-- DATA FOR THIS EXERCISE follows --

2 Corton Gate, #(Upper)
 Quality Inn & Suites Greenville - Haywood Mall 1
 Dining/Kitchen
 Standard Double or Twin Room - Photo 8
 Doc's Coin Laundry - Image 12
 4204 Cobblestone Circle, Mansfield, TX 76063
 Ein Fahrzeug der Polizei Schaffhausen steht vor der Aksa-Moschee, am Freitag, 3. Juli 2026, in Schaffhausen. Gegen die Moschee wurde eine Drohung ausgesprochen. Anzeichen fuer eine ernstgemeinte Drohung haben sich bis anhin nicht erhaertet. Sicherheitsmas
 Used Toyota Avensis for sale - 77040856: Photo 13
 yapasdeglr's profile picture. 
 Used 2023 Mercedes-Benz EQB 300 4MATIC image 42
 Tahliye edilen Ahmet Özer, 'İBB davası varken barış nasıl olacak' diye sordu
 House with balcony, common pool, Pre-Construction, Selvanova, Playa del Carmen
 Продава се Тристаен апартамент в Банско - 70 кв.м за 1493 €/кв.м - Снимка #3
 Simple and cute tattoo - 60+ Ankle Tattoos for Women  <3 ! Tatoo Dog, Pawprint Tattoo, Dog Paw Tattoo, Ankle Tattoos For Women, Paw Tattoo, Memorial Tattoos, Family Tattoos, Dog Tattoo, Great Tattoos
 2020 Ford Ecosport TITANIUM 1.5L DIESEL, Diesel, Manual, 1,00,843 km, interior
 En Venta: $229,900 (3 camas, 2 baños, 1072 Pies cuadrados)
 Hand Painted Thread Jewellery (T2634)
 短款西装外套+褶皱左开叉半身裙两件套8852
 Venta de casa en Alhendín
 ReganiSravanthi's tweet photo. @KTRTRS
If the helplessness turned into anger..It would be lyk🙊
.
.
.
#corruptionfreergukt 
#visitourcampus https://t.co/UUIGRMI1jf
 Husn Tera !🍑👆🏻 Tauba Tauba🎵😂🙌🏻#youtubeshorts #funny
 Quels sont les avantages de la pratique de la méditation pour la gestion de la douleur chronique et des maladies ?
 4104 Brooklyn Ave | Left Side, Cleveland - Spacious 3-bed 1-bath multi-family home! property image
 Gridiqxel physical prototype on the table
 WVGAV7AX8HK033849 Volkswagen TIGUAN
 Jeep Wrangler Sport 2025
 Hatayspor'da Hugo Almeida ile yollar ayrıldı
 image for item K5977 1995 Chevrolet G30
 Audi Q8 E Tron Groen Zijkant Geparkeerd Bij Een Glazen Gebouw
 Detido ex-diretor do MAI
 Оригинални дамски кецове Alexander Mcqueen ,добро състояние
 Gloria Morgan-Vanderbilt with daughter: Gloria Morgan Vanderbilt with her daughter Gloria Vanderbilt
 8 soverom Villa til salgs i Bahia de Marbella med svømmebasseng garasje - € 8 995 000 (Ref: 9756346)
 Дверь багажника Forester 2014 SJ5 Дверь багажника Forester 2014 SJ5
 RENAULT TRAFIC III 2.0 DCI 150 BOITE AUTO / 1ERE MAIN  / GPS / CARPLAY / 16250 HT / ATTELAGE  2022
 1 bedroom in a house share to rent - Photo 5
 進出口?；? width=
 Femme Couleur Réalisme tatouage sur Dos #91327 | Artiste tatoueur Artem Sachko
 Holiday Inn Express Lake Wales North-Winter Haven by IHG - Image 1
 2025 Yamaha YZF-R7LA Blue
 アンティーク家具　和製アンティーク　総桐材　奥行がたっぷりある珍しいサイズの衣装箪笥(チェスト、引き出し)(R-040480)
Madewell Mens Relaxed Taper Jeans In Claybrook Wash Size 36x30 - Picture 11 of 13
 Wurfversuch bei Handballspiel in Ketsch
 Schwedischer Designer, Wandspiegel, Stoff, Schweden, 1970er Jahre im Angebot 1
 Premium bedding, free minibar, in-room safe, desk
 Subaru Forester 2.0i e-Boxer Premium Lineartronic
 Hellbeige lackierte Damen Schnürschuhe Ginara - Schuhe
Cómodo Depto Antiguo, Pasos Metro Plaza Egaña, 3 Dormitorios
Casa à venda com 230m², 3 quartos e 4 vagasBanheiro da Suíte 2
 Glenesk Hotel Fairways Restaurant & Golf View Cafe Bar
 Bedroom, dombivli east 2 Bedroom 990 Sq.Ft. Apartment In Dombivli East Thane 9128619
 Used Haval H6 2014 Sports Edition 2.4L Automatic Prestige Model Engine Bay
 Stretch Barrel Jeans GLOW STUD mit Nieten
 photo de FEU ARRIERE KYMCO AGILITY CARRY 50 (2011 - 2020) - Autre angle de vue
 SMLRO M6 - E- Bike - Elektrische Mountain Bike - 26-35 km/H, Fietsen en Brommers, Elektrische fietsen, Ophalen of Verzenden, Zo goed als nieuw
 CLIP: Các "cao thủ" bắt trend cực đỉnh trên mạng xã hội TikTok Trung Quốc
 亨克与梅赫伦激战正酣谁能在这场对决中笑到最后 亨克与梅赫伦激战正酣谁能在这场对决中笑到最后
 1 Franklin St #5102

-- DATA FOR THIS EXERCISE concluded --

*WHAT IS REQUIRED*. Every line holding the word "Used" should be copied out of the records above.

*RESULT OF THIS TASK*.
 Used Toyota Avensis for sale - 77040856: Photo 13
 Used 2023 Mercedes-Benz EQB 300 4MATIC image 42
 Used Haval H6 2014 Sports Edition 2.4L Automatic Prestige Model Engine Bay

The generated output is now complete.